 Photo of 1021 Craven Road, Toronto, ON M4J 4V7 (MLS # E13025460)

---

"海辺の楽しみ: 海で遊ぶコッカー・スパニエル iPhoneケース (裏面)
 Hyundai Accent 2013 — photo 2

Work required → Above are records; repeat only the lines starting at the line with "海で遊ぶコッカー・スパニエル iPhoneケース (裏面)" and ending at the line with "Hyundai Accent 2013 — photo 2", exactly as they appear, both included.

Your solution →
"海辺の楽しみ: 海で遊ぶコッカー・スパニエル iPhoneケース (裏面)
 Hyundai Accent 2013 — photo 2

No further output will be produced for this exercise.